Here’s another one. “Rule of Law”. I can’t be the only one who has lost all track of what this means now. One is about the interpretation process. State policy violates the rule of law when it is made arbitrarily, or applies retroactively, or targets individuals. So, government can be vile – abolishing welfare, for example, or demolishing parkland – and still under the rule of law. But there are “thick” definitions. Accordingly, the moral substance of policy is also important. The populists of the previous decade were often described as a threat to the rule of law. Sometimes by me. Why? A specific procedural breach? (If so, which ones?) or a form of generalized unpleasantness?
Look, I’m not telling everyone to go away, read their folk and be ready to discuss it next week in a group circle. It’s just that our society and my way of life are built on a philosophy that even smart people feel cloudy about. Were it ever to come under concentrated intellectual challenge, and not just the whining of Donald Trump or Jair Bolsonaro, would it hold up? Will we know what “it” is? Daniel Defoe meant that the English would fight “Popery” to the death “without knowing whether Popery was a man or a horse”. Sometimes, liberalism is defended with the same harsh ambiguity.

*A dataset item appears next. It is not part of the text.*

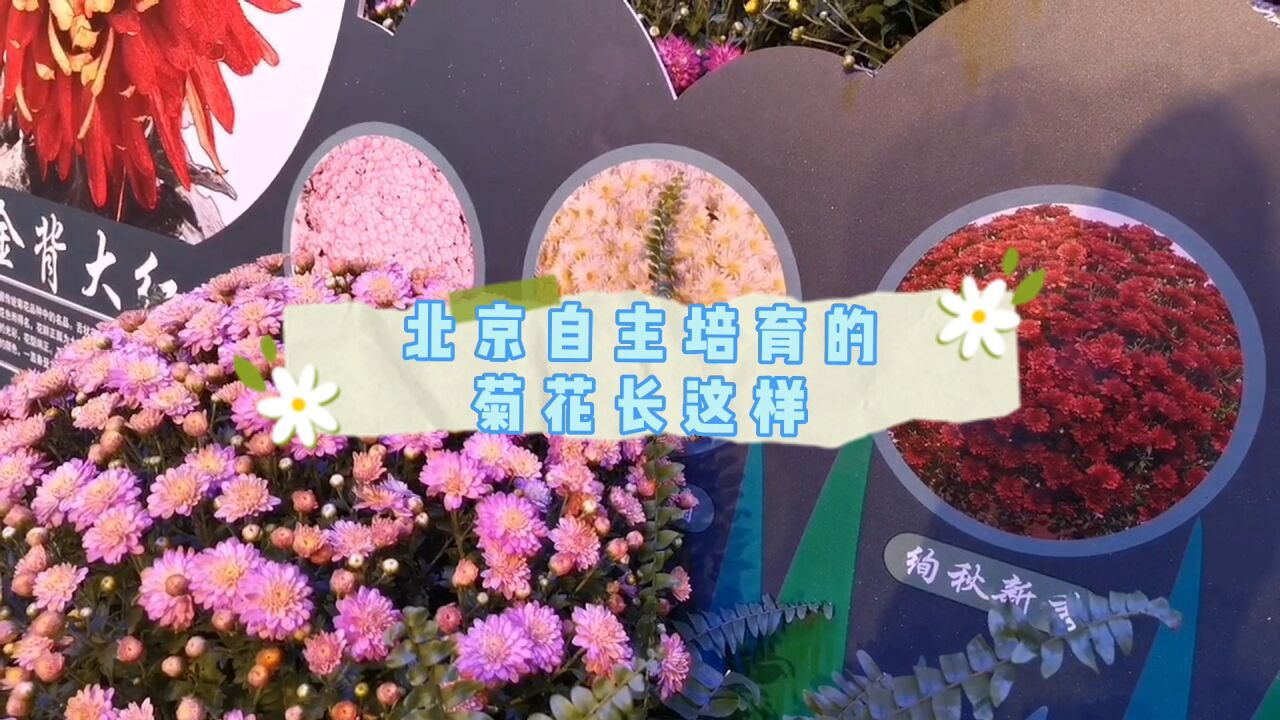 视频|北京自主培育的菊花长这样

“We hold these truths to be self-evident. . . ”, begins another statement of the American establishment. Are there self-evident truths? Couldn’t a religious fundamentalist start a scripture with the same words? You see, the Enlightenment that thousands of newspaper columns have been dreading in recent times, creates confusion. Is it enlightened to subject all claims to empirical skepticism? Or believing in “natural” rights that require no proof? When the forces of anti-liberalism come to us, do we cite Hume or Jefferson?

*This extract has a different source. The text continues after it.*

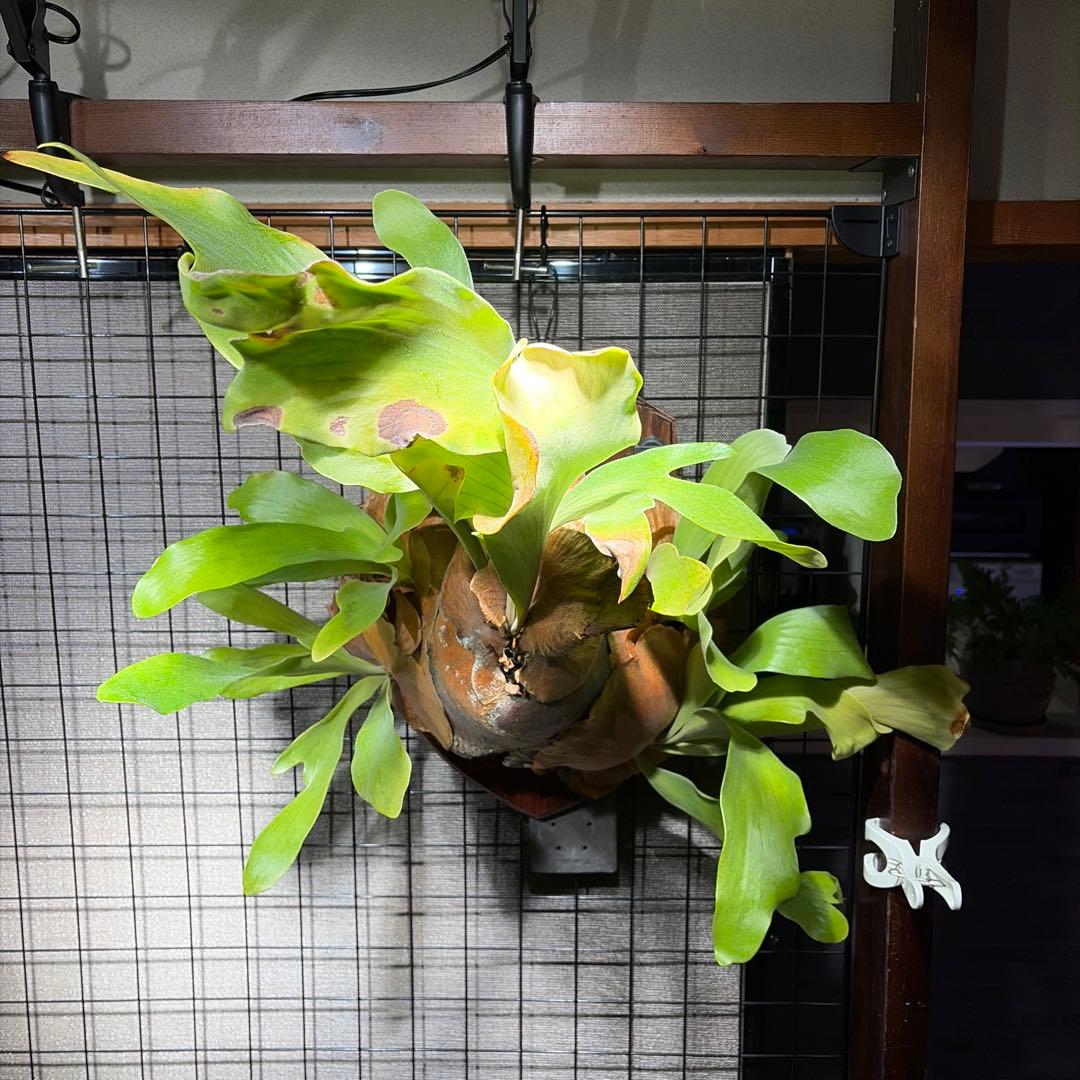 ビカクシダ　コウモリラン　ヒリー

Some of my fellow linewrights will pick on me on one thing. There is a comprehensive account of free speech. It would consider an employee bound by the Code to lack “real” or “effective” freedom. I will not sign up to this account. Also for an extended definition of the rule of law. That, indeed, for natural rights. And so perhaps there is a strategic genius in all this confusion. If liberals want to pin things down, it will expose, in full view of our ever more daring enemies, how little we agree on.